- _Data to examine_:
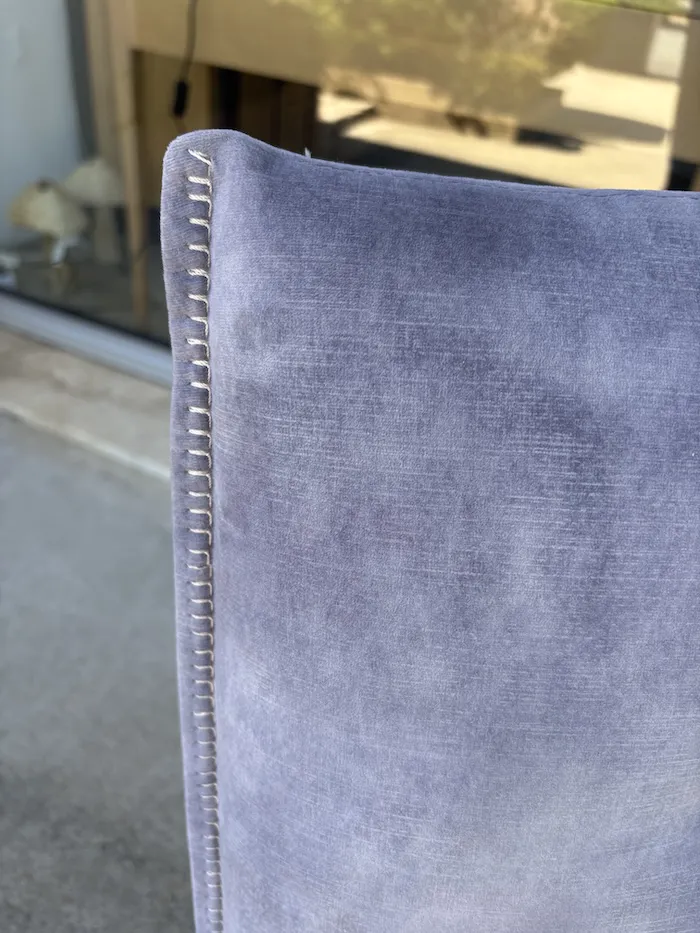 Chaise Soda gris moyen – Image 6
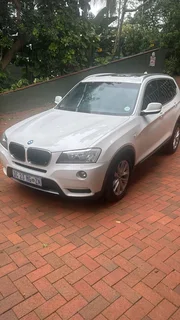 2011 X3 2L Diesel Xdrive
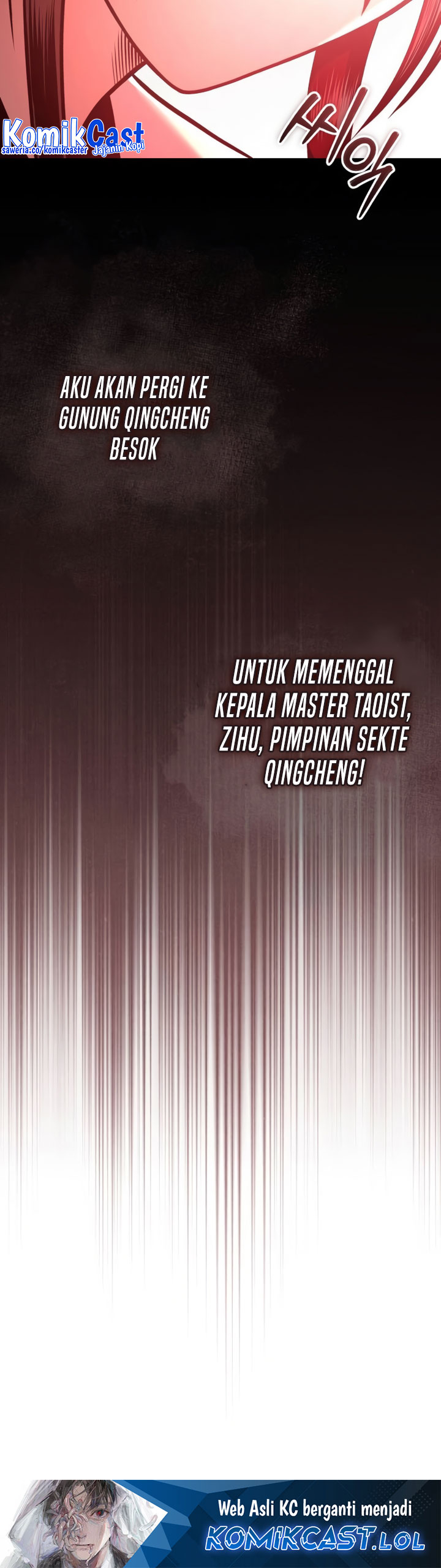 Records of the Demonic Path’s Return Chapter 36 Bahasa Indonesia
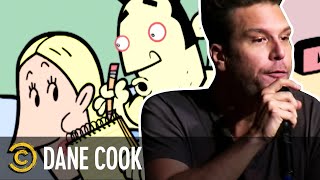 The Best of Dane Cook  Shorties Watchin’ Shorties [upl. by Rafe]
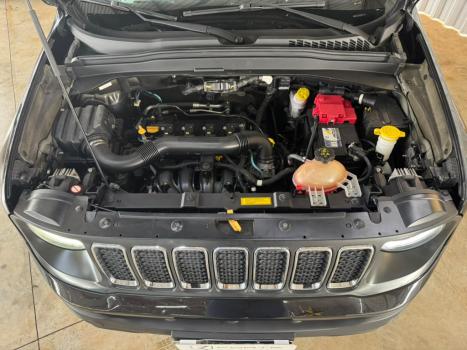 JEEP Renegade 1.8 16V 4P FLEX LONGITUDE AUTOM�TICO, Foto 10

==

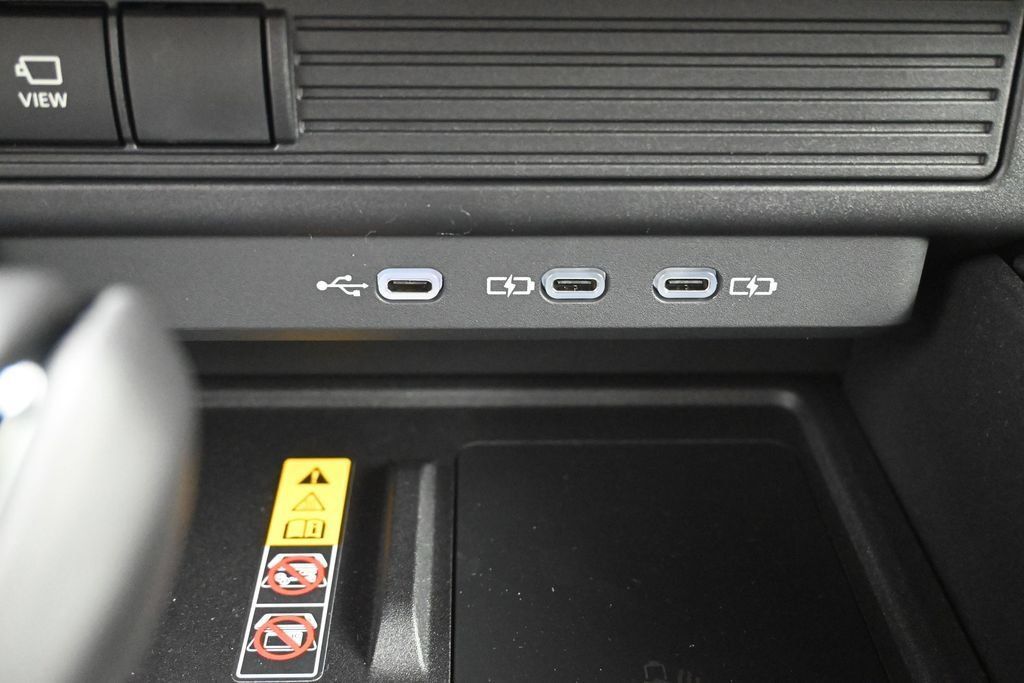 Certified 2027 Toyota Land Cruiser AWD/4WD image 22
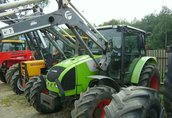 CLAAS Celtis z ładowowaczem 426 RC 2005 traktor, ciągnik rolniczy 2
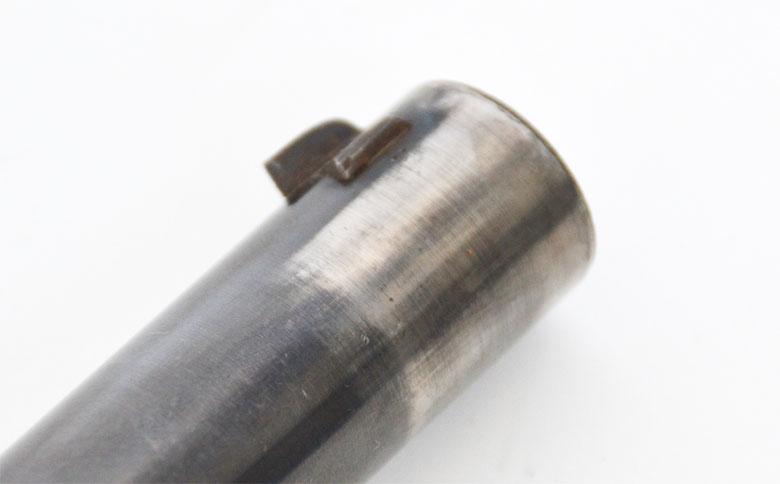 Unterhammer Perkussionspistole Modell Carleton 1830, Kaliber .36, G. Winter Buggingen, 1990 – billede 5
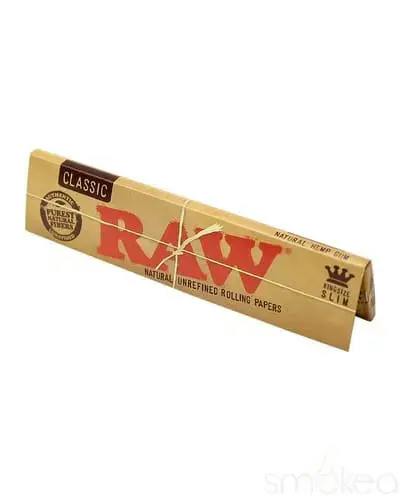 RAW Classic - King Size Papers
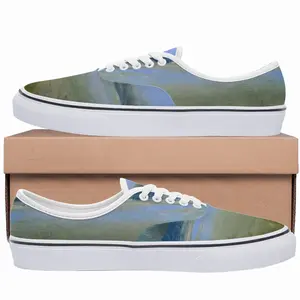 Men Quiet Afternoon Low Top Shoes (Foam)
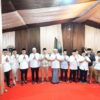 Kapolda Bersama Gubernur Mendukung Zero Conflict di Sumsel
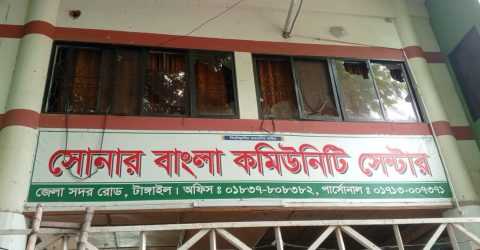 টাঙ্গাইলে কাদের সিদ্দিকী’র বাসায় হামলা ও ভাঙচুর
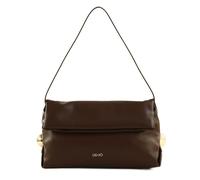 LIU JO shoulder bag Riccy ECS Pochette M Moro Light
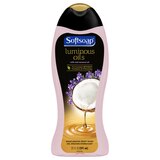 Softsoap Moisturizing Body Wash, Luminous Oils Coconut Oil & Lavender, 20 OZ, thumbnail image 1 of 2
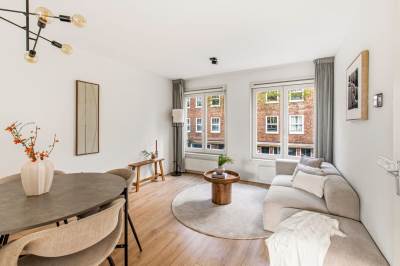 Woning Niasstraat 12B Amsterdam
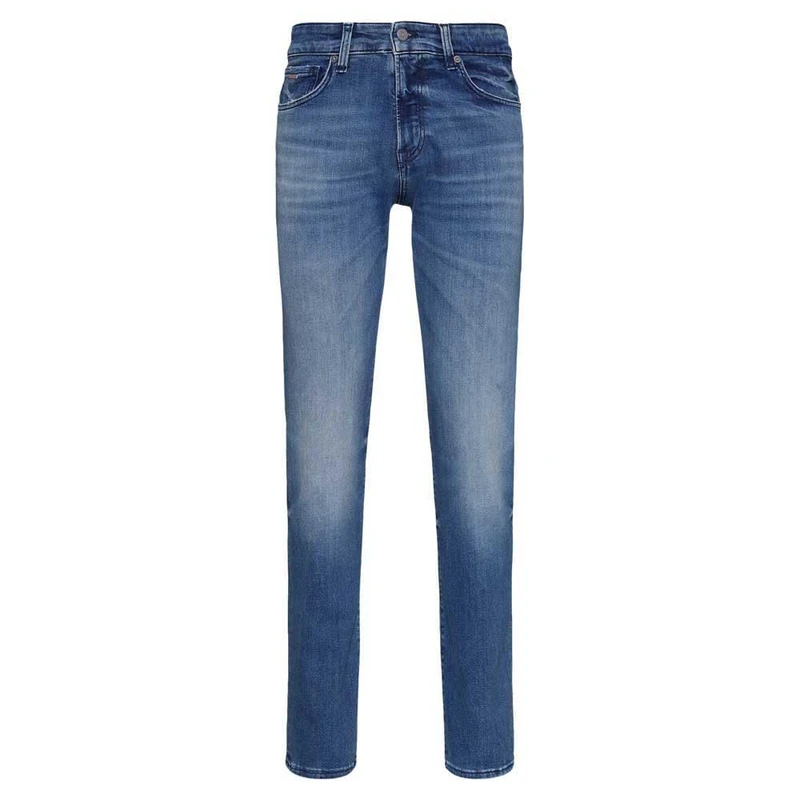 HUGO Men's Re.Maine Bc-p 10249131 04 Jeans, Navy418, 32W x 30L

...

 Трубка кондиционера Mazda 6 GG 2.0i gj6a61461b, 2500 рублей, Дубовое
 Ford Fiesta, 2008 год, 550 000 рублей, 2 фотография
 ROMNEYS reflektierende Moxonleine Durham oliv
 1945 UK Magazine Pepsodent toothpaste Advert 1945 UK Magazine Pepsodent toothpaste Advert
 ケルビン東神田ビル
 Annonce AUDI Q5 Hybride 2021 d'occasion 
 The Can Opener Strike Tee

- _Assignment_: The lines above from the line with "Chaise Soda gris moyen – Image 6" through the line with "JEEP Renegade 1.8" are to be given again word for word, with no pictures among them.

- _Written solution_:
 Chaise Soda gris moyen – Image 6
 2011 X3 2L Diesel Xdrive
 Records of the Demonic Path’s Return Chapter 36 Bahasa Indonesia
 The Best of Dane Cook  Shorties Watchin’ Shorties [upl. by Rafe]
 JEEP Renegade 1.8 16V 4P FLEX LONGITUDE AUTOM�TICO, Foto 10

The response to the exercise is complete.